Mereka menginvestasikan diri mereka dalam sekolah sementara saya mulai
menginvestasikan diri saya dalam gereja ayah kami. Jalan kami sungguh bertolak
belakang.
Mendapat panggilan waktu berusia 10 tahun
Saat itu saya berusia sepuluh tahun.
Waktu itulah saya menerima panggilan saya sebagai Misionaris ke Afrika. Saat
saya memasuki masa remaja, saya sungguh menganggap serius akan panggilan ini.
Kakak-kakak saya termasuk Jurgen, sungguh-sungguh berusah menentang saya.
Mereka mulai secara terbuka mulai menghina hubungan saya dengan Tuhan.

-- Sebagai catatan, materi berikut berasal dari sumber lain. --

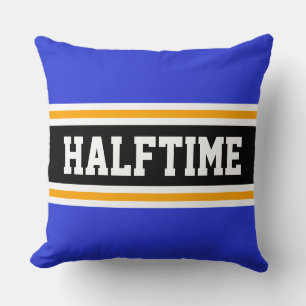 HALFTIME Fun Navy Blue Yellow Black Sporpes Kissen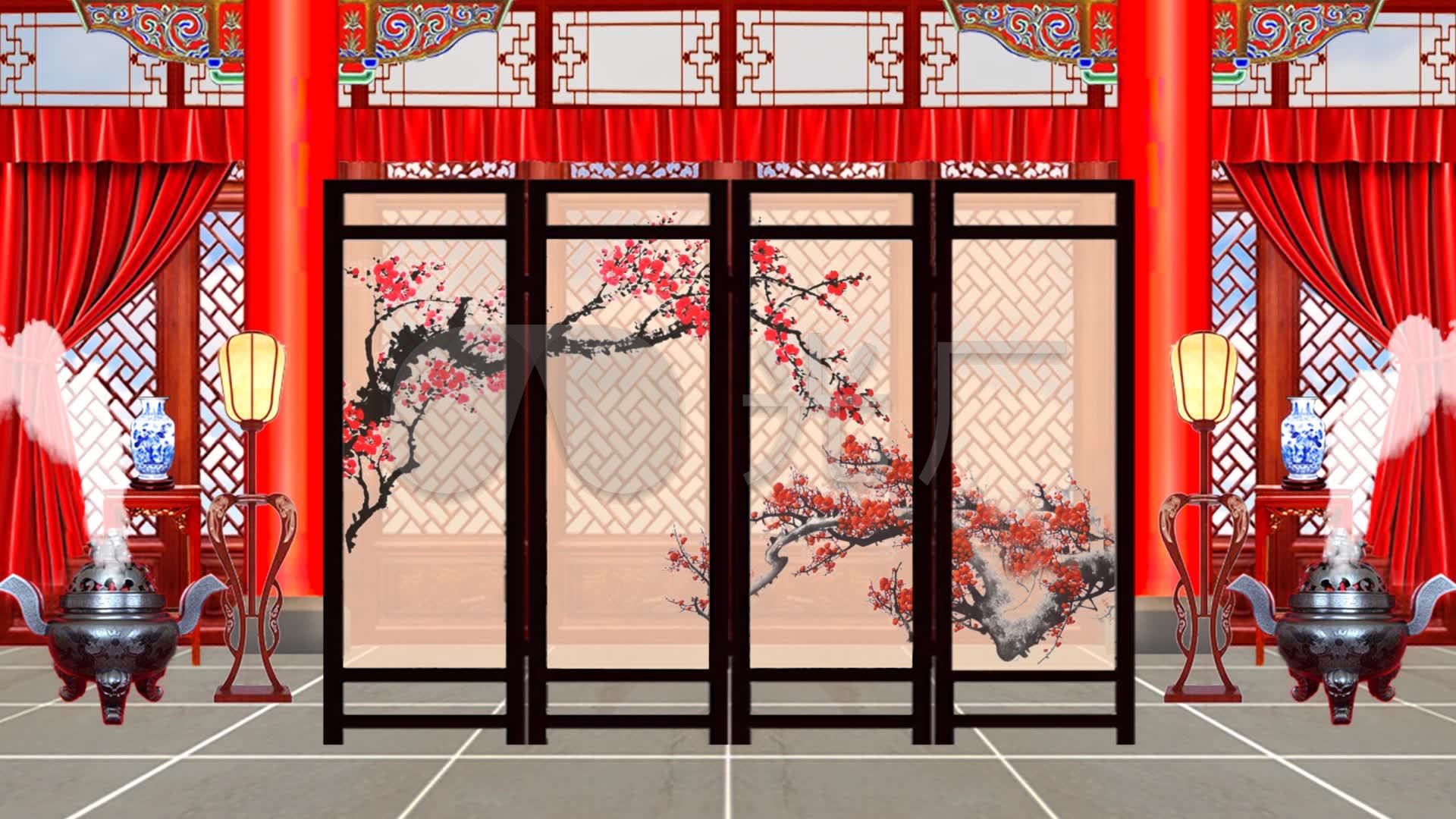 古代厅堂屏风戏曲背景-白天_1920x1080_高清视频素材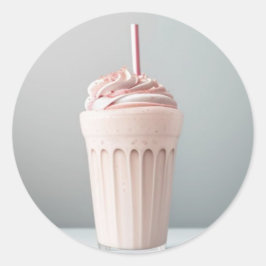 Pegatina Redonda Un vaso de batido de fresa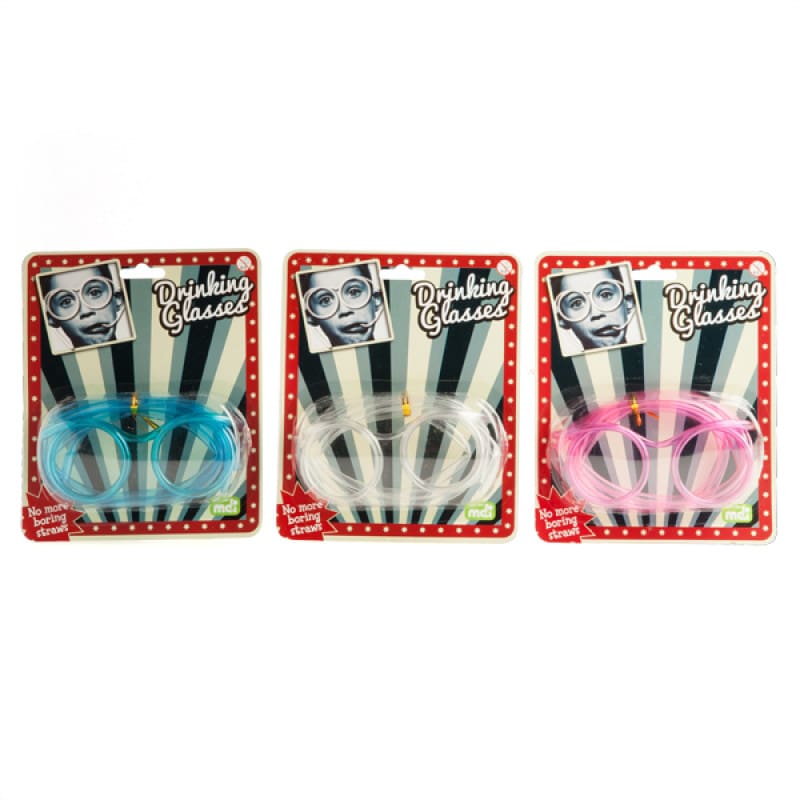 Straw Drinking Eye Glasses Assorted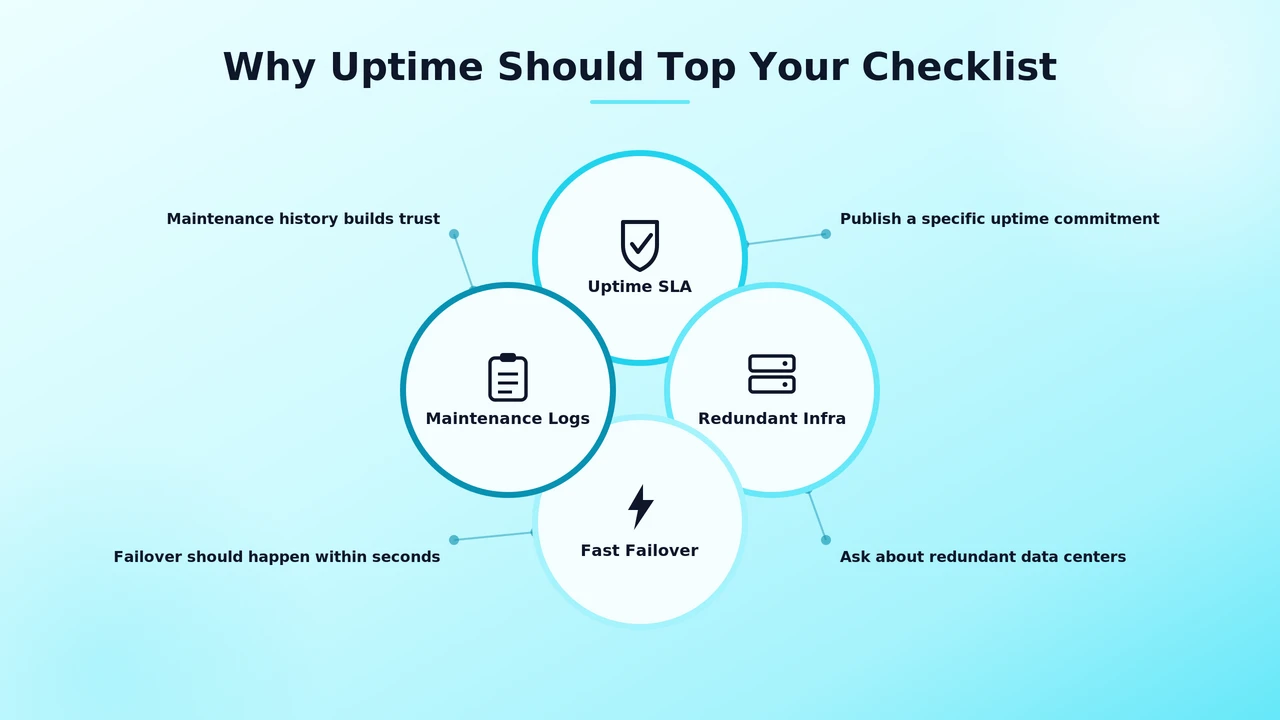 Server room dashboard tracking uptime and network reliability metrics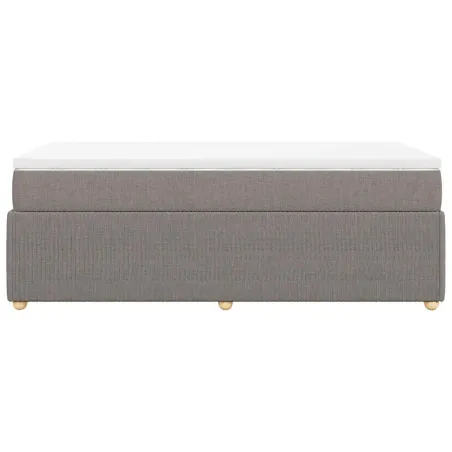 Sommier à lattes de lit avec matelas Taupe 90x200 cm Tissu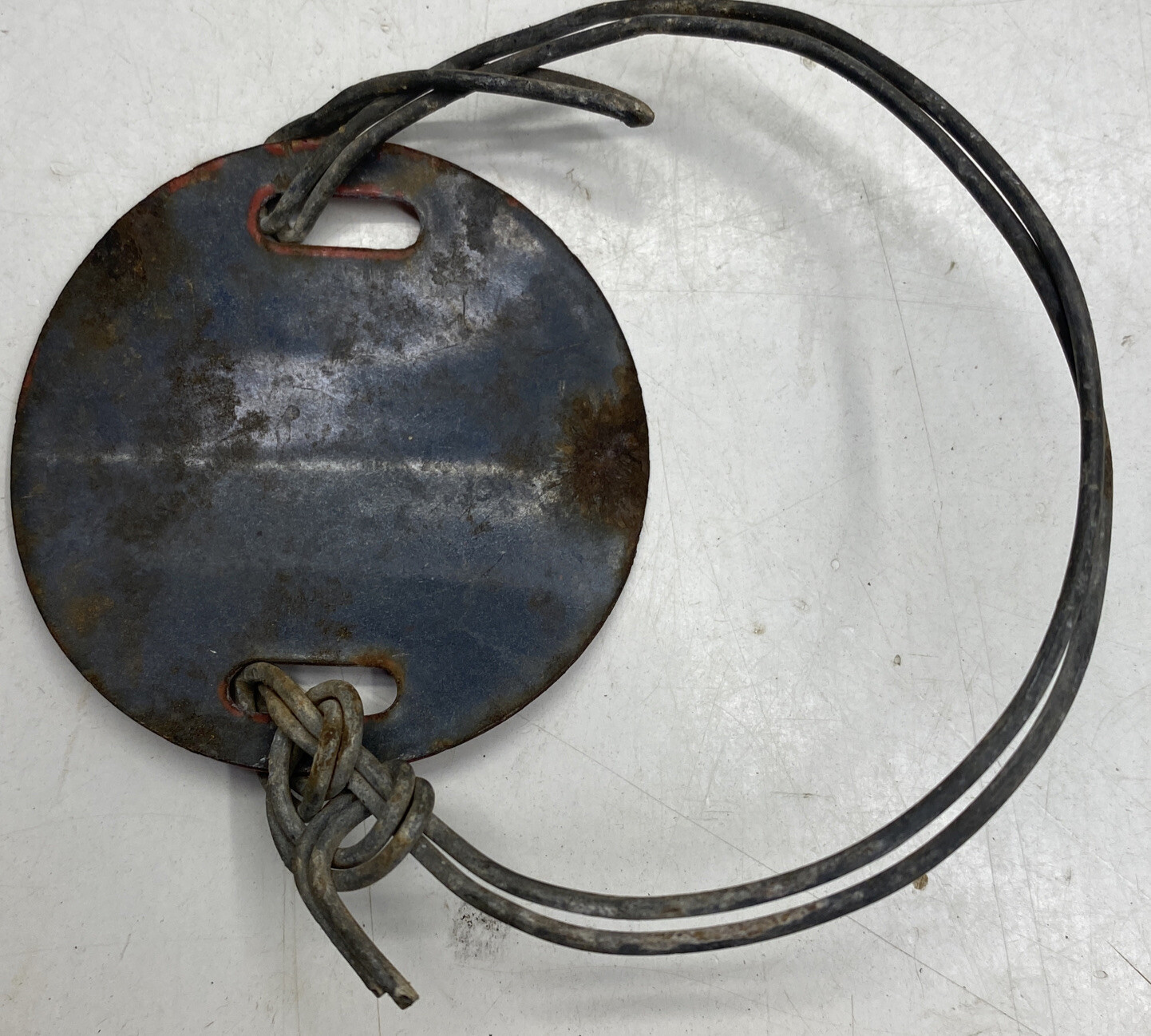 1950’s Esso Cable under pressure Curved Small Porcelain Enamel Tanker Tag 3 inch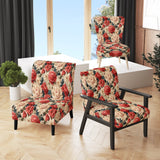 Vintage Pink And Beige Rose Floral Pattern - Cottage Arm Chair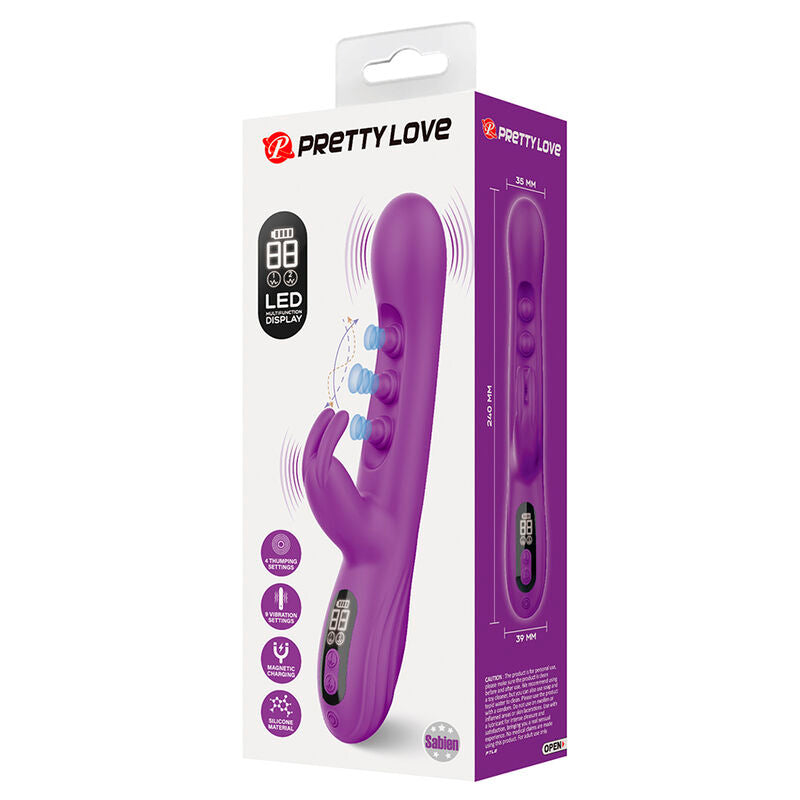 PRETTY LOVE - SABIEN VIBRADOR RABBIT CON ESTIMULACIÓN POR GOLPETEOS Y LED MORADO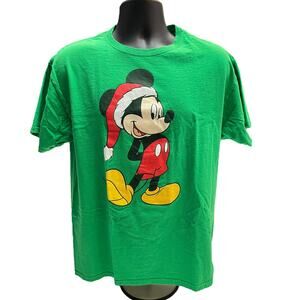Disney Mickey Mouse Christmas T-Shirt - Size Large - Green Holiday Santa Hat Tee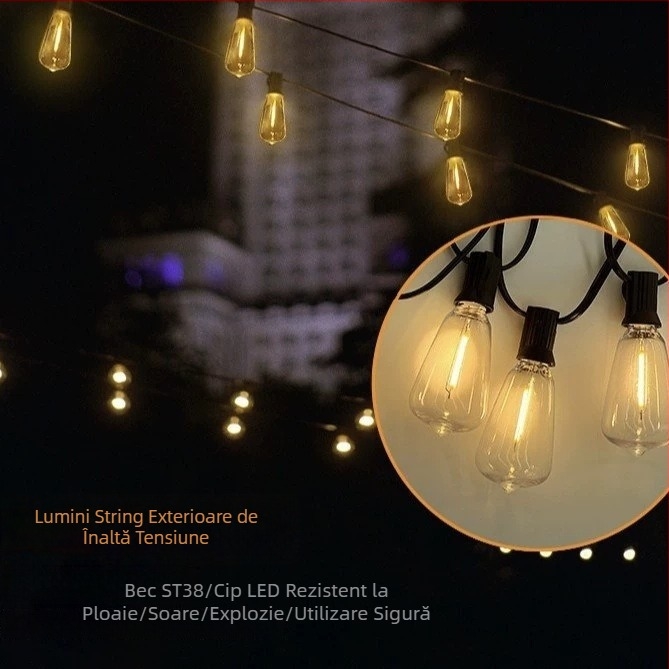 Șir LED ST38 cu becuri - lumini extensibile impermeabile pentru exterior, din plastic, colorate, pentru grădină, camping și decoruri de nuntă și festival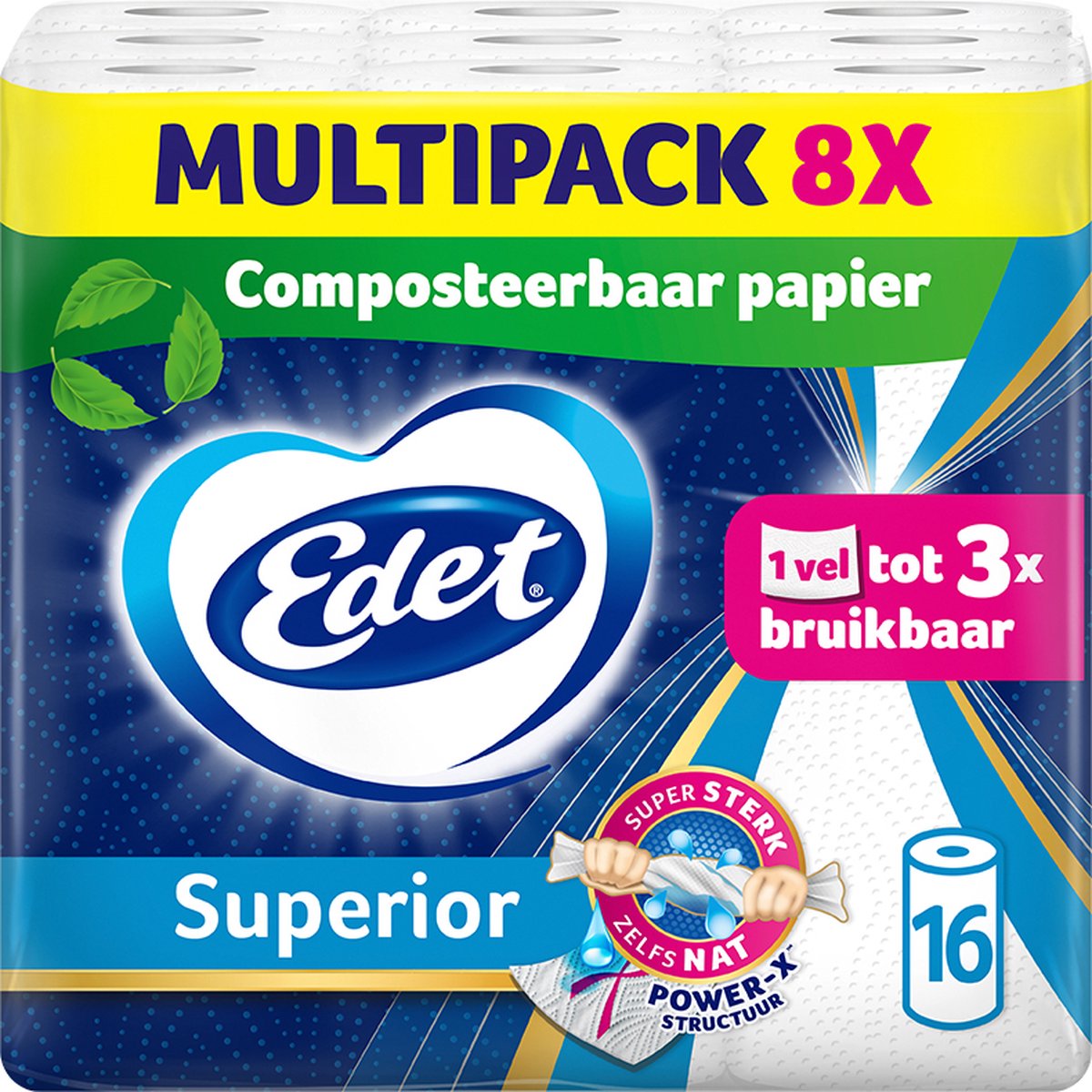 Edet superior køkkenpapir 8 x 2 ruller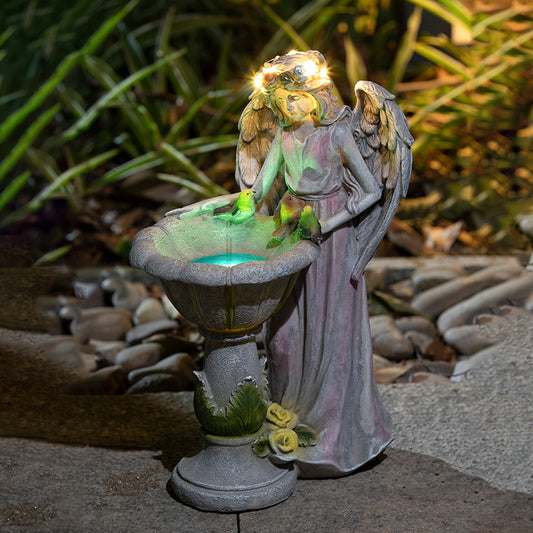 New Solar Glowing Angel Garden Resin Crafts Angel With Garland 19x14x29CM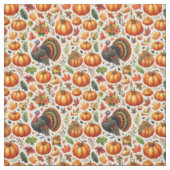 Tissu Dindes rustiques Citrouilles Feuilles d'automne Ac (Échantillon)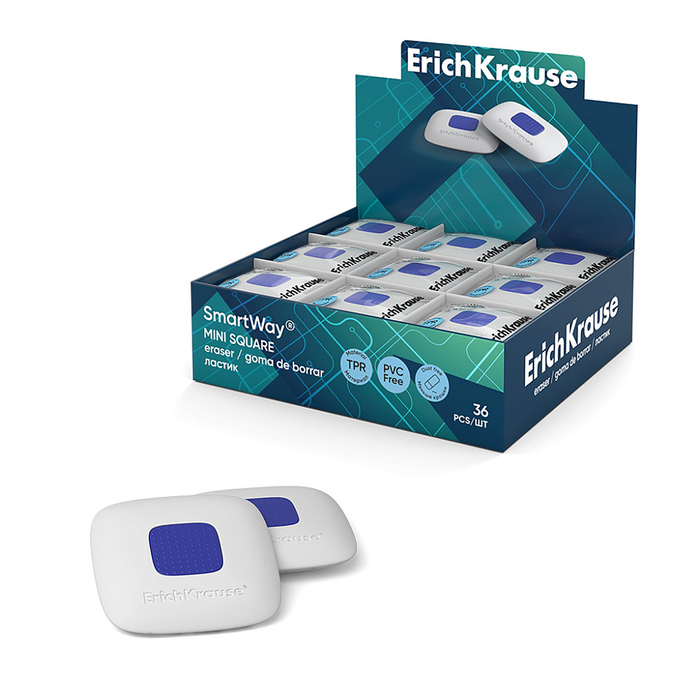Ластик с держателем ErichKrause «ErichKrause SmartWay Mini Square», средней жёсткости, гипоаллергенный, в пакете с европодвесом - Фото 1
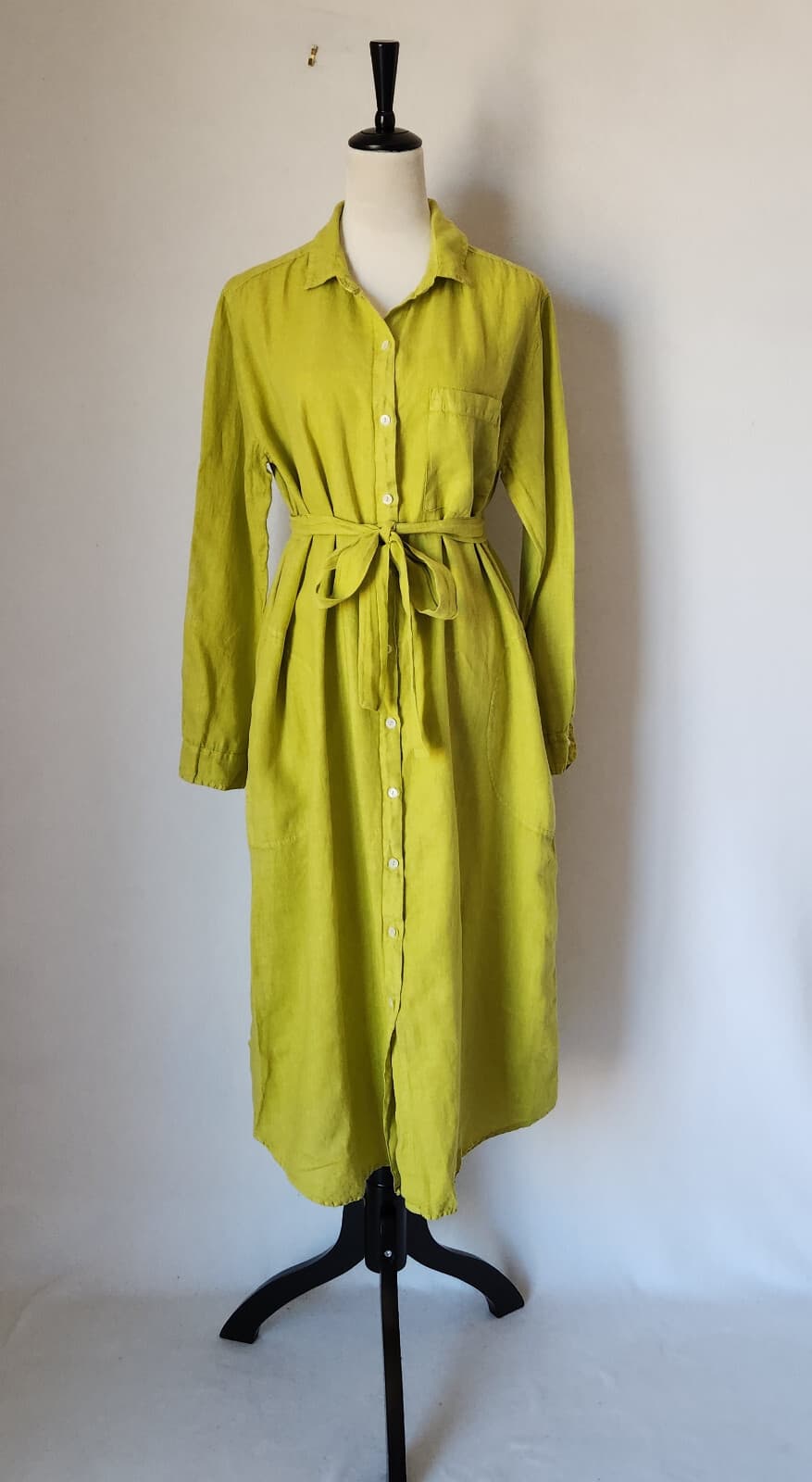 Velvet Graham & Spencer Linen Belted Shirt Dress Long Sleeve Pocket Lemondrop M - Thumbnail 4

Berhasil dalam bidang mereka masing-masing
Kakak-kakak saya masuk universitas
yang bagus. Mereka membaktikan diri mereka dengan begitu giat bisa menguasai
bidang pilihan mereka masing-masing di dunia akademis. Jurgen menjadi seorang
Insinyur kimia yang sangat dihormati. Kakak-kakak saya menertawai pilihan saya
untuk masuk ke sekolah Alkitab yang menurut mereka adalah rendahan. Mereka
semua, termasuk Felicitas yang tetap setia kepada Tuhan, memperoleh gelas
sarjana S-3 dalam bidang kedokteran dan ilmu pengetahuan lainnya sementara saya
sendiri mengawali karya misionaris saya yang sederhana dengan Anni di Lesotho,
Afrika.
Kunjungan ke rumah kakak saya
Rumah Jurgen telah menjadi tempat
yang bagi saya paling tidak ingin saya kunjungi. Ia telah menikah dengan
seorang wanita yang bekerja sebagai sekretaris, yang menganggap dirinya sendiri
sangat pandai. Iman Kristen baginya adalah suatu yang patut siolok-olok dan
diserang. Ia tetap bermusuhan dengan Injil. Ketika saya berkunjung, ia biasanya
akan menjadi agresif, tanpa henti akan menantang saya untuk menjawab
pertanyaan-pertanyaan tentang kegagalan dari iman Kristen. Ia menyerang saya
begitu rupa sehingga Jurgen menjadi malu sendiri akan istrinya. Saya bisa
merasakannya bahwa Jurgen mengasihi saya sebagai adiknya, walaupun ia memandang
rendah pelayanan saya. Ia bisa dengan halus menentang saya, namun tidak ingin
konflik itu menjadi terlalu sengit.
Ketika mengunjungi rumah Jurgen, dan
semua rumah kakak-kakak saya yang lainnya, saya mengambil pendekatan “Jawaban
yang lemah lembut merendahkan amarah”. Saya berhenti membicarakan hal-hal yang
saya tahu akan membangkitkan emosi mereka. Sebaliknya, saya membicarakan
bahan-bahan obrolan yang lebih umum, dan saya menuangkan lebih banyak waktu dan
energi saya untuk mendengarkan karena kami semua sama-sama melewati masa kecil
yang dipenuhi injil, saya percaya bahwa saya akan memenangkan mereka dengan
sikap manis, bukan dengan konfrotasi. Pendekatan ini telah membuahkan hasil.
Reuni Keluarga
Kakak-kakak saya dan saya sendiri,
termasuk Jurgen dan istrinya, berkumpul bersama dipertengahan tahun 1980-an
untuk suatu reuni keluarga. Setiap hari pada waktu jam makan kami akan duduk
disebuah meja panjang dan ngobrol bersama.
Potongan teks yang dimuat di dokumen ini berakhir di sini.